DEAR MAYO CLINIC: I have tested positive for the breast cancer “gene” (BRCA1), and I have a family history of breast cancer. I don’t feel comfortable with the idea of prophylactic mastectomy at this time. (I’m 31.) Are there other things I can do to prevent cancer without surgery? Is there an age when I should definitely consider a mastectomy?
ANSWER: For women like you who have a mutation in the BRCA1 or BRCA2 gene -- genes linked to breast and ovarian cancer -- surgical removal of the breasts can significantly reduce your cancer risk. There’s no clear right or wrong answer about if or when that should be done, however. It is an individual choice for you to make after learning as much as you can about your own situation and carefully considering what you prefer.
Women who have harmful changes, or mutations, in either the BRCA1 or BRCA2 genes have a much higher risk of developing breast or ovarian cancer than other people. Having one of these gene mutations does not mean you’ll definitely get cancer, though. There are a variety of things you can do that may lower your cancer risk.
Surgical removal of healthy breast tissue is one way to reduce your risk and help prevent cancer. This procedure, called prophylactic mastectomy, lowers breast cancer risk by about 90 percent. Surgical removal of healthy fallopian tubes and ovaries, a procedure known as prophylactic salpingo-oophorectomy, can help, too. Salpino-oophorectomy lowers breast cancer risk by 50 percent in premenopausal women and reduces ovarian cancer risk by more than 90 percent in both pre- and postmenopausal women.
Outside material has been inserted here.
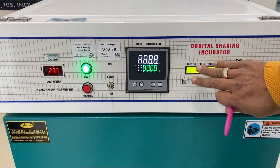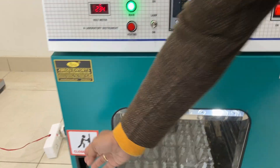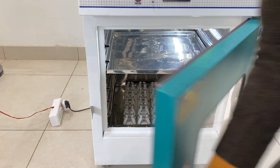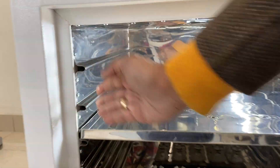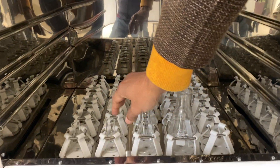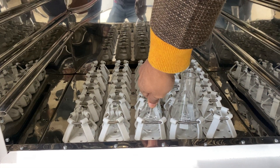When you switch it on, it automatically has a memory inside. Now I'll tell you: this is the lock — open it. This one is the tray, and these are the heating sections. You can take out the flask from here very easily.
But surgery is not the only alternative. Many people who’ve tested positive for the BRCA1 or BRCA2 mutation choose to be part of a high-risk surveillance program rather than having surgery. These programs offer close monitoring, such as having clinical breast exams every six months and mammograms and magnetic resonance imaging (MRI) exams every year. These tests don’t prevent breast cancer, but they may help detect it early. You may also choose to perform monthly breast self-exams to become familiar with the normal texture of your breast tissue. Worrisome breast changes may be easier for you to spot early if you know what’s normal.
Careful monitoring for ovarian cancer usually involves having appointments twice a year that include pelvic exams and transvaginal ultrasound imaging. Blood tests to measure your cancer antigen 125 levels also may be included as part of surveillance for ovarian cancer.
Some prescription medications, such as tamoxifen, may help lower your cancer risk, too. These are not good choices for everyone, though, so talk to your doctor about whether taking one would be appropriate for you. The risk reduction is greater for BRCA2 than BRCA1.
For someone in your situation, a good next step would be to have an in-depth conversation with your doctor about your level of cancer risk and options. Based on that, you can decide what you want to do next. For some people, that may mean having preventive surgery, such as mastectomy. But that’s not the only option.
If you do decide to have surgery at some point, there’s no set age by which it must happen. It should be when it feels right to you. Although not driven by data, many women who choose prophylactic mastectomy often have it a few years earlier than the age at which their family member developed breast cancer.
The bottom line is that you need to be well-informed about your choices, understand how they fit your situation and, based on your preferences, make decisions that are right for you. -- Judy C. Boughey, M.D., Surgery, Mayo Clinic, Rochester, Minn.